# Cherry Picking Info: Experiment 2

#  GLAM estimation and out of sample prediction - Individual fit

# 1. Free-exploration Time 

# GLAM model estimation/ 2nd Choice
------------------

## Load data

In [None]:
# Load data
sufix = 'exp2_2ndChoice_Free'
data = pd.read_csv('data/glam_data/CP2020_GlamData_CP2020_'+sufix+'.csv')

# Subset only necessary columns
data = data[['subject', 'trial', 'choice', 'rt',
         'item_value_0', 'item_value_1',
         'gaze_0', 'gaze_1']]
data_len = len(data)
print('Total number of trials: ' + str(data_len))
data.head()

## To run hierarchical model is required to have consecutive participant numbers

In [None]:
data['subject'] = data.replace(data.subject.unique(), list(range(len(data.subject.unique()))))

## Remove NaNs from dataset

In [None]:
data = data.dropna()
print ('Percent kept: ' + str(len(data)/data_len))

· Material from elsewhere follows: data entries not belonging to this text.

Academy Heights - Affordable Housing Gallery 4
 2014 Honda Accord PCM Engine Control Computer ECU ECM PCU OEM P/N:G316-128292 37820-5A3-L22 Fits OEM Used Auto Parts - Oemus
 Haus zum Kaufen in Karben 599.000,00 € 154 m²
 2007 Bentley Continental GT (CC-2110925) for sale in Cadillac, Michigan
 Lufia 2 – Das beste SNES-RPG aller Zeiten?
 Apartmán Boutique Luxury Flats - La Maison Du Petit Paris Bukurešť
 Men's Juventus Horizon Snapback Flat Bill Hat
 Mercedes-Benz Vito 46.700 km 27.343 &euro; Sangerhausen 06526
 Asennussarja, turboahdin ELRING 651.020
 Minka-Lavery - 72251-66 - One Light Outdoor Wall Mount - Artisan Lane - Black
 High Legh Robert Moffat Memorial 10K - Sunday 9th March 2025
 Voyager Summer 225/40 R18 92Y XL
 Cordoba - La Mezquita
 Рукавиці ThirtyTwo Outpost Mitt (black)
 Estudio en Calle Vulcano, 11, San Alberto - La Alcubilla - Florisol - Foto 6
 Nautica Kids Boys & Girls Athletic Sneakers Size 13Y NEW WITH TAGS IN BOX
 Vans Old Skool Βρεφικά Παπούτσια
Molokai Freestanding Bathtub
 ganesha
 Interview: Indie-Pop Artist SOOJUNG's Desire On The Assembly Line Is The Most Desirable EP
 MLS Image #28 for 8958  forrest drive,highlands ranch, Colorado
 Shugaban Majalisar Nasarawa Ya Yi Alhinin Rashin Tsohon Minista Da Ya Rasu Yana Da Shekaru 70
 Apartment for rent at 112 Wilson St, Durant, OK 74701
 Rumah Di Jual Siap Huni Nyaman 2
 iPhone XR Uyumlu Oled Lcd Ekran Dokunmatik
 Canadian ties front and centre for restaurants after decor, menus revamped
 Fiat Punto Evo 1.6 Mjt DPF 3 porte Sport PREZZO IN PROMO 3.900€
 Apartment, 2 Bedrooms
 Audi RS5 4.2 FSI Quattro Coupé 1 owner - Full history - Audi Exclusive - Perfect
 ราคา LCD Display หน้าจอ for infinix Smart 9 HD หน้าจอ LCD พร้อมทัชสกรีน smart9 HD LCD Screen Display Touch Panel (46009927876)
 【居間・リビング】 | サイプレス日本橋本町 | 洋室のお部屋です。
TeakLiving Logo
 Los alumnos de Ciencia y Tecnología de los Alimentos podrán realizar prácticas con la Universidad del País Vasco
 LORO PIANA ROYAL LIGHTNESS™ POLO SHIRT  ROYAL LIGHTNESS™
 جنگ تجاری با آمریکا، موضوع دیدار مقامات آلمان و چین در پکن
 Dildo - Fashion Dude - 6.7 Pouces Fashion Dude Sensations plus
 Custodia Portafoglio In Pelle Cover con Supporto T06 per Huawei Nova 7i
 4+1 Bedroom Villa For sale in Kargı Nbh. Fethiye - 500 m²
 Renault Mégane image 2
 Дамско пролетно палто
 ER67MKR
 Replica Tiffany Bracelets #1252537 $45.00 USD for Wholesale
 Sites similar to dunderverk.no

## Split data in training and test sets

In [None]:
train_data = pd.DataFrame()
test_data = pd.DataFrame()

for subject in data.subject.unique():
    subject_data = data[data['subject'] == subject].copy().reset_index(drop=True)
    n_trials = len(subject_data)
    
    subject_train = subject_data.iloc[np.arange(0, n_trials, 2)].copy()
    subject_test = subject_data.iloc[np.arange(1, n_trials, 2)].copy()

    test_data = pd.concat([test_data, subject_test])
    train_data = pd.concat([train_data, subject_train])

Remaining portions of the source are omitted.